David produces few paintings despite his daily, rigorous work routine. That’s because everything happens on the canvas or the wooden support, as may be the case. When the artist chooses the final image from all possible configurations, one or two additional iterations may occur, altering only slightly in detail and atmosphere. This stoic addition of successive layers does not bother him, seeking that physical fresco-like materiality supported by a tonal color scheme.

The second prominent aspect that lures us into his works is the light, specific to the Hesychast East or in pintura metafisica. This effect is obtained thanks to the technique by which he arranges the colors, contrary to the Byzantine sankir, to create the illusion of confined light radiating from within the frame and the scene; the artist first applies the light colors, modulating them tonally towards the dark ones.
The light source of the compositions also contributes to this look, solid and unforgivable as a reflector and yellow like a nineties kitchen bulb, coming either from a zenith source canceling the shadows or an oblique one, with accentuated shade, cast directly in the middle of the composition. The atmospheric effects he looks for can be found during the daytime, frequently in the bluish blur of dusk rather than in indirect, burning sunlight. Instead of using techniques like dilution with turpentine to achieve this look, the artist uses the same modulation of colors in repeated layers.

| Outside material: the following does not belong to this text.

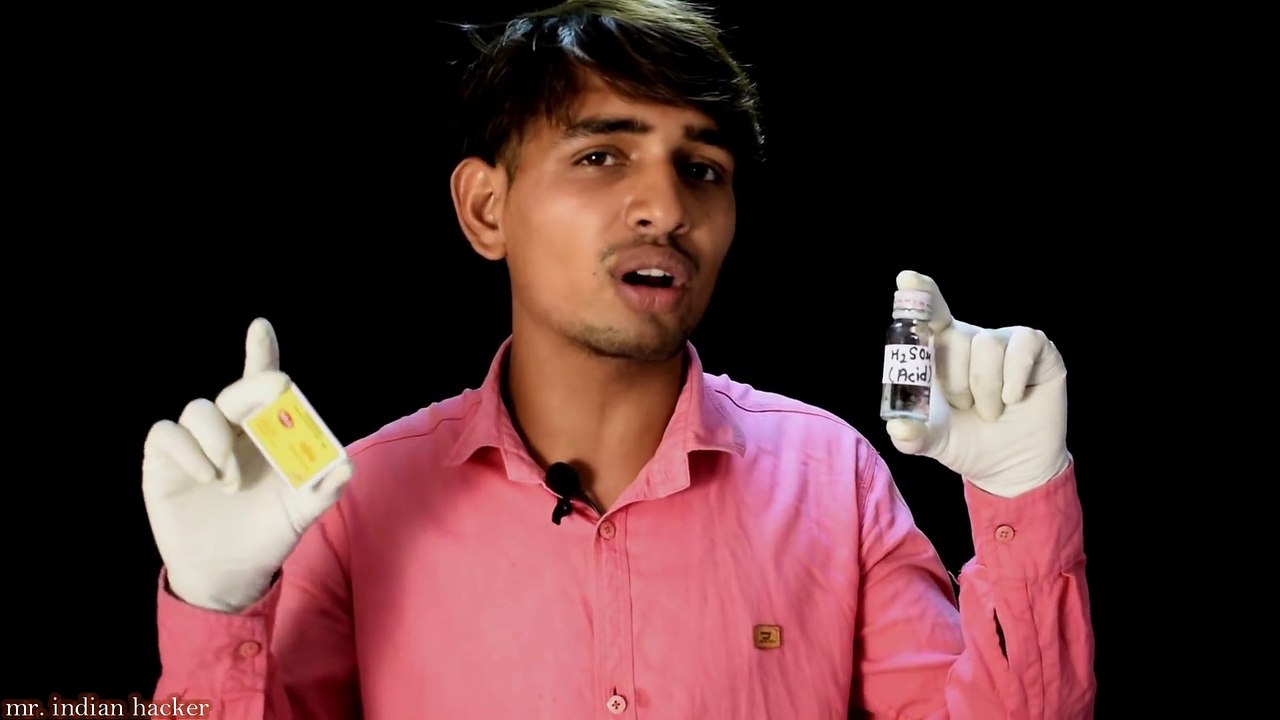 क्या होगा अगर हम माचिस में तेजाब डाल दें - science experiment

The compositions defy conventions like linear perspective and do not attempt to conceal their surrealist undertones, instead focusing on their most whole, most eerie effect. There is also a lot of Cézanne in David, just that it’s not immediately apparent; it’s more in how he conceals everything in the painting plane by modeling matter and how the image is formed by color spots rather than by compositional lines. This construction method may have also come naturally from his practice in sculpture. As a result, the conventional contradiction between color and drawing is eliminated. A secondary effect is also achieved by this, in that any suggestion of volume is canceled.

The narrative is ambiguous, of a Magic Realism kind. For example, I can’t tell you, maybe either the artist in precise words, why the large canvas with a scythe, which could have been a perfectly rural scene, is an evocative allusion to Baia Mare’s Liberty Square; instead, it should be explained apophatic, as a specific mean to our collective psycho-social space. Often, his landscapes are a mixture of rural and urban, of actual buildings and imagined ones in a schematized fortress-like architecture. They are angular, look like they were carved from a massive block of stone, and are lit from above without shadows. Opaque windows deflect light instead of inviting us in, repelling the gaze and betraying the lack of any interior livable space. Deserted streets are more than often crossroads or dead ends. Claustrophobia is also accentuated by a dense metallic sky that always weighs down on the city and its people.
In one of the works, shades of pale ultramarine in the foreground, of gray-slightly-touched-by-yellow in the background landscape, together with the pale cobalt of eyes, building, and vessel, with the sky depicted in natural umber melted down in burnt one, are as delicate as they are effective in conveying an atmosphere of suspended time, so specific to his paintings. It is a mood and a mode in which pathos and agonistic rhetoric of high contrasts are abolished, where the work requires a long contemplation before unveiling its meaning.
I think many instances in David Farcaș works deal with the fundamental challenge in Western art and image-making: how to represent something that doesn’t exist in the real world? “, Horațiu Lipot, curator.